In my childhood imagination there were two Londons; the first a grand, golden, royal city, a collage of TV images and magazine pictures of Buckingham Palace, royal coaches, Big Ben, the Tower of London and Beefeaters; the second, a dark, chaotic old place, verging on the grotesque, which sprang straight from pages of Charles Dickens’ novels, of crowded houses, dirty streets, close, noisy taverns, seething courtrooms, dank prisons, oppressive poverty and omnipresent injustice. 1947
Most of my first London is here, part of the living landscape, easily recognisable, and, in reality, pretty much as it was in the pictures. Much of the second remains too. As Ed Glinert writes in his book Literary London, “There is little of London that isn’t Dickensian, so intensely did the author walk its streets and use both its major landmarks and its more obscure sites in his stories”. However, hidden behind the overlays of time and progress, the Dickensian London is harder to find and demands more of the imagination. So, armed with Literary London and following Glinert’s guided walk, “From Dickens’ House to Fagan’s Den” I set off to uncover it.
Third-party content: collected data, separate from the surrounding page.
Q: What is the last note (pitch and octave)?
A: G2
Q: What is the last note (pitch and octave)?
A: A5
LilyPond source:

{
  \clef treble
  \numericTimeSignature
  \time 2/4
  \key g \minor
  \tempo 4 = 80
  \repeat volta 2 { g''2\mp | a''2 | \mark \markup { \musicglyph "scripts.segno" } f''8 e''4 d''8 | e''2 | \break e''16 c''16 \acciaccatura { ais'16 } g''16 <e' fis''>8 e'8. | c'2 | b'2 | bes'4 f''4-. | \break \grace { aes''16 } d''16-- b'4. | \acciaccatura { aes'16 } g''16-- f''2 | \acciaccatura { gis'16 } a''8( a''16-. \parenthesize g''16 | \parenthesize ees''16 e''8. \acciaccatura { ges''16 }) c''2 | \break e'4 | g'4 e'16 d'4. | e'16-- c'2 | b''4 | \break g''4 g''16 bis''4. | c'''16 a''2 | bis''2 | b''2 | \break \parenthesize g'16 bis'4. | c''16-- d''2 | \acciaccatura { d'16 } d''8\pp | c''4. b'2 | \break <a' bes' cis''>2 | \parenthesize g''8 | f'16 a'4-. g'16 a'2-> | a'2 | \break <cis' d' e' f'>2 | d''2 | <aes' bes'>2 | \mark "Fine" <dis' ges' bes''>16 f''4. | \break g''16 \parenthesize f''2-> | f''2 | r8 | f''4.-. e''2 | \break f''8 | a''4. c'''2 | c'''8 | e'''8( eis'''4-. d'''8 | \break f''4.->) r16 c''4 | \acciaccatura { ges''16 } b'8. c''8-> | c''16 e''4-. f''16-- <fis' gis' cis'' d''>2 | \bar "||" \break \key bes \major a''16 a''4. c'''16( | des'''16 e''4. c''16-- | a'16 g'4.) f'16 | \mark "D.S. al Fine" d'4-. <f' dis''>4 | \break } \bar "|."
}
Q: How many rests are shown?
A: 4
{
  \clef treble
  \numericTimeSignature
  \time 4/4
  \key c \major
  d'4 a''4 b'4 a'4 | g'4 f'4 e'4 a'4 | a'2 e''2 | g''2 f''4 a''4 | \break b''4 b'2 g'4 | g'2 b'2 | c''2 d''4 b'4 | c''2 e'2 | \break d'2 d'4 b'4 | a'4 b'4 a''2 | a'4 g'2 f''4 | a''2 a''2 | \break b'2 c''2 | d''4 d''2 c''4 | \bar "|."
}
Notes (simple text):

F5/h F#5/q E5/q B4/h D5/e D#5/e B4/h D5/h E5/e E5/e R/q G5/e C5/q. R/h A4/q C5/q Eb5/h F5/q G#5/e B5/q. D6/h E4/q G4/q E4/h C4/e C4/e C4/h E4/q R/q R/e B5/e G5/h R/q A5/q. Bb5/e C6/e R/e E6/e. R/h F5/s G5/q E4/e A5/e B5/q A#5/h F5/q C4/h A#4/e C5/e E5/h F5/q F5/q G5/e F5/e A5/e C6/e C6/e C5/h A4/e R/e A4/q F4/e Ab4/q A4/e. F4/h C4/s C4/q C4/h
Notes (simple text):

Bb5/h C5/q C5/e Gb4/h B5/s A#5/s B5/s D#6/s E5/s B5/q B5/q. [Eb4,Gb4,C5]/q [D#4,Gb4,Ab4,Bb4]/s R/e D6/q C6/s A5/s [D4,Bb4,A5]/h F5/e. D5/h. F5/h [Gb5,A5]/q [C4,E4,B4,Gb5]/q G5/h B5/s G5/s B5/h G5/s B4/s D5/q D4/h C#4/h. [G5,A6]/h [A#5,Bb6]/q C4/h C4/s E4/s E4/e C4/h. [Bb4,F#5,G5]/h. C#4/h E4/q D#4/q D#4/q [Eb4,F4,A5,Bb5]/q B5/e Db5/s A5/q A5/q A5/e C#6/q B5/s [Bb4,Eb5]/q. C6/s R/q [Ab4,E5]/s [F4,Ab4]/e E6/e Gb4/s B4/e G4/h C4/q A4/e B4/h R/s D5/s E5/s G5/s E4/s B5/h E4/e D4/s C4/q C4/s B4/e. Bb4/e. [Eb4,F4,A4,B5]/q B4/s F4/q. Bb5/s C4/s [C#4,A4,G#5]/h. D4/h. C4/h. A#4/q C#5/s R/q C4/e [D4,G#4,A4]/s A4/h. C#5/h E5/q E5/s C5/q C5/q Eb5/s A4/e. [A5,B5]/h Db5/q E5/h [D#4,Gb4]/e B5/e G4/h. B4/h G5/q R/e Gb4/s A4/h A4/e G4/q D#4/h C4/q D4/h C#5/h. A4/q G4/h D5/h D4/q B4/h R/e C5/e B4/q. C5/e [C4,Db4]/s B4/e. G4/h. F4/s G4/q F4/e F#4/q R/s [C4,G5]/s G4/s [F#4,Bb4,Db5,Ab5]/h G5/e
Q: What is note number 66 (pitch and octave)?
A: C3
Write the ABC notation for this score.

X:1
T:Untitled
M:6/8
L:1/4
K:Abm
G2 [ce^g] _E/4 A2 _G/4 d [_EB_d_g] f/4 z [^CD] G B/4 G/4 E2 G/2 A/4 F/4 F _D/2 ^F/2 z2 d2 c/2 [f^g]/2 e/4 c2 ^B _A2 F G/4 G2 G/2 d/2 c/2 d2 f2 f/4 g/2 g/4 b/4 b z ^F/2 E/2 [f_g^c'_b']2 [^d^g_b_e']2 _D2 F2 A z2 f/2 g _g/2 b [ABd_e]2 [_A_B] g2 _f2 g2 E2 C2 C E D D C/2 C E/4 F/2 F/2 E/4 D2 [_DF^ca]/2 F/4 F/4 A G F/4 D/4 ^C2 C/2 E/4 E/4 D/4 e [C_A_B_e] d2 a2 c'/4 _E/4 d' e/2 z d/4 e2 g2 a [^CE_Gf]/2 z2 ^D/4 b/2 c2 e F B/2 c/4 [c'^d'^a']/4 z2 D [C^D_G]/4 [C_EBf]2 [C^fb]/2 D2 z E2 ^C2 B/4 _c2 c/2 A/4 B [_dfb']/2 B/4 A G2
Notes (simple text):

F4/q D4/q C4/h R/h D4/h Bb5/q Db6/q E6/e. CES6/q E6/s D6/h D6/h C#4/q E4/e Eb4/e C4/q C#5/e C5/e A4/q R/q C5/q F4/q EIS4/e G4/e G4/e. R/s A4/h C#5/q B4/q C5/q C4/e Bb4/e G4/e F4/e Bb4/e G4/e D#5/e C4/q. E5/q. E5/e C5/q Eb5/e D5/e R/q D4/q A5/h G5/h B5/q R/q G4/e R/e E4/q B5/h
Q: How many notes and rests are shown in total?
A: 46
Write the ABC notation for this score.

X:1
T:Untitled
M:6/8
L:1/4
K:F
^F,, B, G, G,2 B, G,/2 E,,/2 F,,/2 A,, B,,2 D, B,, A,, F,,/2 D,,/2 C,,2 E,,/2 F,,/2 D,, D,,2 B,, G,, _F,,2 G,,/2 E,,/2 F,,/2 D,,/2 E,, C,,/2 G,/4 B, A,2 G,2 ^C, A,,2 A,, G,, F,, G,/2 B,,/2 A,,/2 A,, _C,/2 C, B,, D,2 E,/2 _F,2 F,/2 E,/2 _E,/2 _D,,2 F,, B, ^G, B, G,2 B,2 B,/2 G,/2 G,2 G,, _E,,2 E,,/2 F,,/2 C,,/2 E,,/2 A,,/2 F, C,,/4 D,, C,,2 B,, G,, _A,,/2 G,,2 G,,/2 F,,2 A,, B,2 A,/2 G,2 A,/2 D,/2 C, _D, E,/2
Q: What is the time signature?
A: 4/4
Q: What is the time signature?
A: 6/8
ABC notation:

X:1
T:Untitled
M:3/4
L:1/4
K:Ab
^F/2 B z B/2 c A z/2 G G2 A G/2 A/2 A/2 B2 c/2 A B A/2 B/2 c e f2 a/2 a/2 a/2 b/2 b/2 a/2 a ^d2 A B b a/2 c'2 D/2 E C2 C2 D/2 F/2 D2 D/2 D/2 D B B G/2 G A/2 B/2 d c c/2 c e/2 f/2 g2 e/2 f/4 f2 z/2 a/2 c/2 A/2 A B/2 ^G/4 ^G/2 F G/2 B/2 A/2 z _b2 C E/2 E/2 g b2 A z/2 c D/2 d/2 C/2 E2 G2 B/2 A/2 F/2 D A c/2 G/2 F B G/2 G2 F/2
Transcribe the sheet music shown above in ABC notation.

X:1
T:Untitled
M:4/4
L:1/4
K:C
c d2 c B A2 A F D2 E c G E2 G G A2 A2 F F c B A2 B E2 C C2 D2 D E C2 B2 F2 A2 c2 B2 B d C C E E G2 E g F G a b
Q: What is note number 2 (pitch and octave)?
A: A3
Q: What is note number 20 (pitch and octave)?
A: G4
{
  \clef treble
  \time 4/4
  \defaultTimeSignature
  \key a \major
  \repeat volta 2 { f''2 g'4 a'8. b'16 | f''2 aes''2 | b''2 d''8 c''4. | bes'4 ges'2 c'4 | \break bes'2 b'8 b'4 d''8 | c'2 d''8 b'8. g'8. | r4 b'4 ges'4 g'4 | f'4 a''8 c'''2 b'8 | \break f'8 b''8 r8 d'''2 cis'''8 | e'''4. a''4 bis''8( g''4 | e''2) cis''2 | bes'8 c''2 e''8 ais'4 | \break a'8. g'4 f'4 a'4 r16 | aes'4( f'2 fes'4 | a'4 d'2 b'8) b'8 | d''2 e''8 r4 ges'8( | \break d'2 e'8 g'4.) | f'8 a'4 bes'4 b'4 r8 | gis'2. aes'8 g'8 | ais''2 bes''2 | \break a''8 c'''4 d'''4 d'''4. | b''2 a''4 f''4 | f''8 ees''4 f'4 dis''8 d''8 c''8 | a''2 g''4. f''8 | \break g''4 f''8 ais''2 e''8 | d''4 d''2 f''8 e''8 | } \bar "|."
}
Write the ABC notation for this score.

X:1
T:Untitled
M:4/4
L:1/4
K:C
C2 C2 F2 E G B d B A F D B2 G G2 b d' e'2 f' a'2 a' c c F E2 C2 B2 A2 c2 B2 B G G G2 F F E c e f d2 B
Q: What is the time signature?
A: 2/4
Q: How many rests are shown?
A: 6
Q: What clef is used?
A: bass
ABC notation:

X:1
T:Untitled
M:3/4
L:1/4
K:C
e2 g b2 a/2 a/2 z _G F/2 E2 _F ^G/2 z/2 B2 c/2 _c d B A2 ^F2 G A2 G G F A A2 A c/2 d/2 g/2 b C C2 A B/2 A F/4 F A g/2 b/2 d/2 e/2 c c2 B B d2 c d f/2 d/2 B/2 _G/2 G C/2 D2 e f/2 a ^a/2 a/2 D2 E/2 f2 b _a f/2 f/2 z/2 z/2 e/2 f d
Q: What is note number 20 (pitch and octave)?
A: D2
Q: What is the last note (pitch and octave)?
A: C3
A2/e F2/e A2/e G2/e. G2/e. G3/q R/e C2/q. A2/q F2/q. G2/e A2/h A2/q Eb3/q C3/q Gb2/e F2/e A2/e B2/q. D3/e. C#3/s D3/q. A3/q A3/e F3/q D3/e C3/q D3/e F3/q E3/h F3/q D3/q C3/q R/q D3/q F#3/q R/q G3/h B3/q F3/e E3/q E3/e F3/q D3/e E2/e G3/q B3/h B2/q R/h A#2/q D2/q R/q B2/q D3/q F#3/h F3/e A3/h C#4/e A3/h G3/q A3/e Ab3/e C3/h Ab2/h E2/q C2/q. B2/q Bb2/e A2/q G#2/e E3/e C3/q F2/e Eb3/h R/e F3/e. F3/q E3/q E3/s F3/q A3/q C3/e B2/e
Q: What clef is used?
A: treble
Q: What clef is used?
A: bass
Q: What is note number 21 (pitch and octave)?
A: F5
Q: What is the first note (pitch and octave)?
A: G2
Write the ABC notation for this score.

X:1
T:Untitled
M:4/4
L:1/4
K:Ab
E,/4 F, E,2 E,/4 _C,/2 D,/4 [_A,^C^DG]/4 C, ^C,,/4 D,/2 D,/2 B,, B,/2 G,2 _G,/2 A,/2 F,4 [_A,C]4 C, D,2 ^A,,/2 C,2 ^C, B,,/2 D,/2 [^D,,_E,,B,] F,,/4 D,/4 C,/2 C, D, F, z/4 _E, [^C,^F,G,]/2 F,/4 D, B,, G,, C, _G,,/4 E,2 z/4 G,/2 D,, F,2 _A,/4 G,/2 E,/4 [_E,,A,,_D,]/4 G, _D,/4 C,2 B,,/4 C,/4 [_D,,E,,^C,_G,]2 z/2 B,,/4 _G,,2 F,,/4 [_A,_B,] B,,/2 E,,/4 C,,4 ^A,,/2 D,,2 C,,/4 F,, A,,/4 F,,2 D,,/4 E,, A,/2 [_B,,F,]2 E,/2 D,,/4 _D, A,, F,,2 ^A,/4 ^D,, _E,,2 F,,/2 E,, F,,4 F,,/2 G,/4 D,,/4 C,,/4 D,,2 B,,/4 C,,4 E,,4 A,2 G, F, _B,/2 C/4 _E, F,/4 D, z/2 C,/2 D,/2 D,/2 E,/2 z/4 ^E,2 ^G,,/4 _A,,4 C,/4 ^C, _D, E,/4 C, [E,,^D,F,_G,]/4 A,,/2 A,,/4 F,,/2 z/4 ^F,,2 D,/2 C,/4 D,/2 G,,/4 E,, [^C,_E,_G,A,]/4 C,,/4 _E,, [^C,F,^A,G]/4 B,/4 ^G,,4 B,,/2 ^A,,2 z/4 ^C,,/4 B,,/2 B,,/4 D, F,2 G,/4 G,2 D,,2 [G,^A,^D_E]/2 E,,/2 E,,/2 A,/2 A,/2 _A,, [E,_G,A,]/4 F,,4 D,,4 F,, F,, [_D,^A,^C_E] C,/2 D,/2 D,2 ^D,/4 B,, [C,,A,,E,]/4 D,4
The walk is a rough triangle. It leads out along Holborn’s Theobald Road, a roaring traffic clogged, concrete bounded thoroughfare, into Oliver Twist territory, first to Hatton Garden, site of Fang’s “very notorious Metropolitain Police Station’ then to Saffron Hill, locale of Bill Sykes Three Cripples pub. It continues along Clerkenwall Green, scene of Oliver Twist’s arrest, then turns into Goswell Road where Mr Pickwick lived. It passes the 21st century village of Barbican and follows Aldergate Street, which sits like an urban gorge at the bottom of cliffs of glass and steel and where, at the long-gone Albion Hotel, Dickens celebrated the completion of Nicholas Nickleby. At Cheapside, where abseiling builders crawl like flies up the side of a fat, round tower and where Mr Jaggers meets Pip in Great Expectations, it turns again. Leading back along Newgate Street, past the site of the infamous Newgate Prison, where Fagin is excecuted, Barnaby Rudge imprisoned and Magwitch of Great Expectations dies, it crosses the Holborn Viaduct, above the site of Fagin’s den. It passes the 16th century Staple Inn, described in Edwin Drood and still standing, Chancery Lane, the setting for Bleak House and Gray’s Inn where Dickens worked as a solicitor’s clerk. Here, back at Theobald Road, the triangle closes but the walk continues, over to Great Ormond Street past the Childrens’ Hospital where little Johnny dies in Our Mutual Friend. It finishes at Doughty Street, at the Charles Dickens House and Museum.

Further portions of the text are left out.